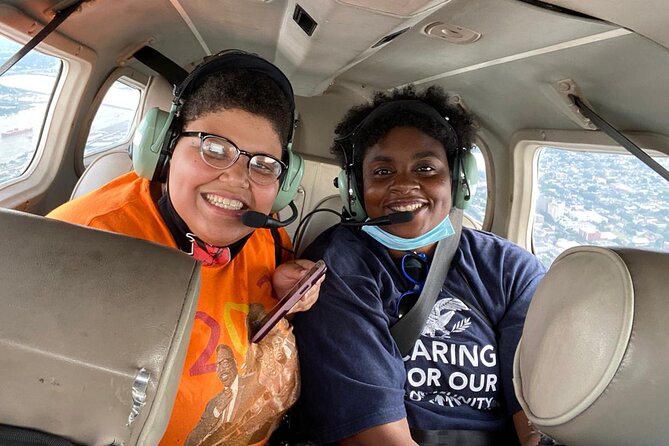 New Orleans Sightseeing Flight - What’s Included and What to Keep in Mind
——————————
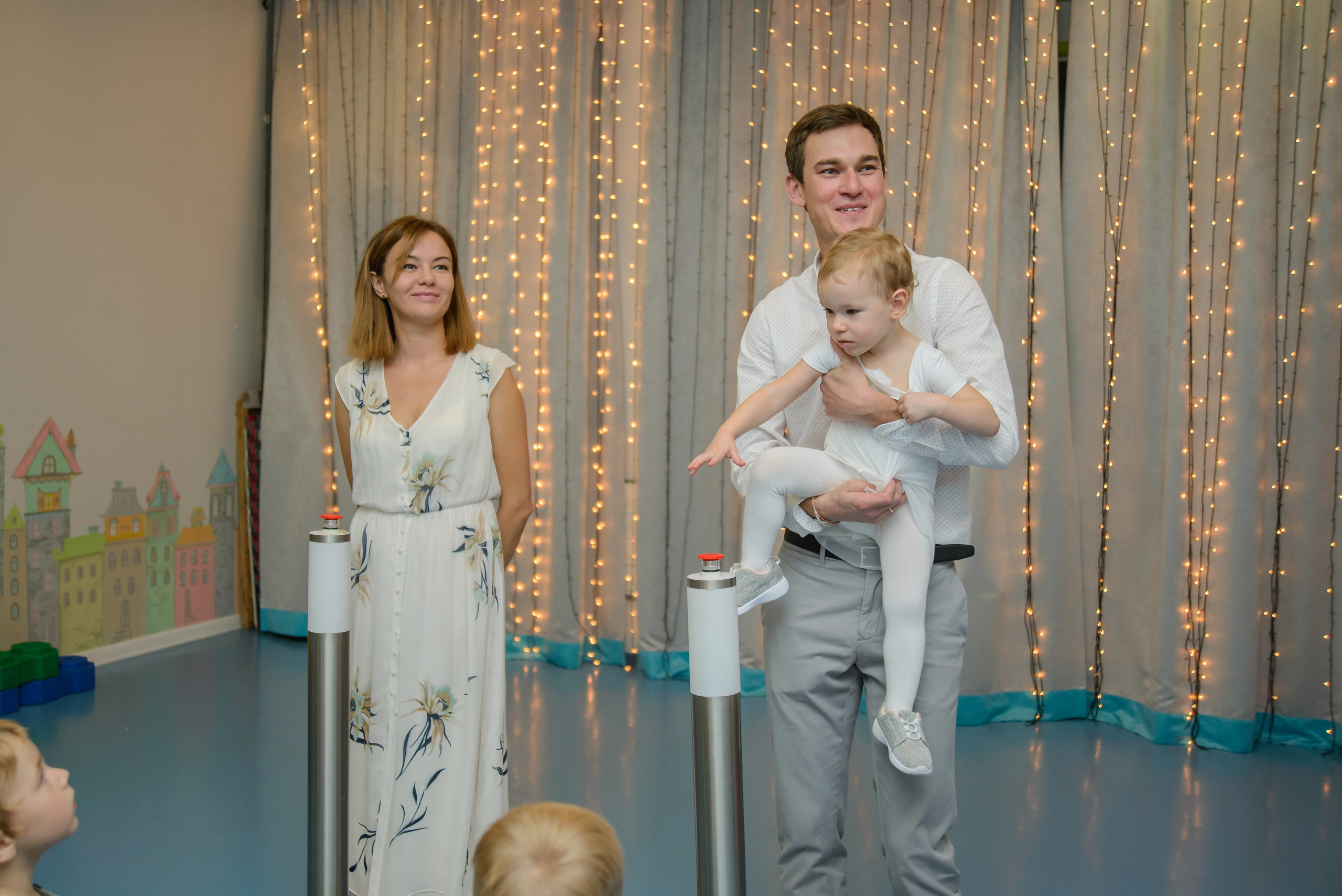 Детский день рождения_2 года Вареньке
——————————
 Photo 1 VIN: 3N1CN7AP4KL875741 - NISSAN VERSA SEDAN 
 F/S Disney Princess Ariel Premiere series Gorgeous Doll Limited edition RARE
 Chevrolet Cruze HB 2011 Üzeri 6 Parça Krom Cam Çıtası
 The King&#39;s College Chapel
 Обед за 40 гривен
——————————
Set down, exactly as they stand above, the lines starting with the line with "F/S Disney Princess" and going on through the line with "Обед за 40 гривен", and no others.

EXERCISE RESPONSE
 F/S Disney Princess Ariel Premiere series Gorgeous Doll Limited edition RARE
 Chevrolet Cruze HB 2011 Üzeri 6 Parça Krom Cam Çıtası
 The King&#39;s College Chapel
 Обед за 40 гривен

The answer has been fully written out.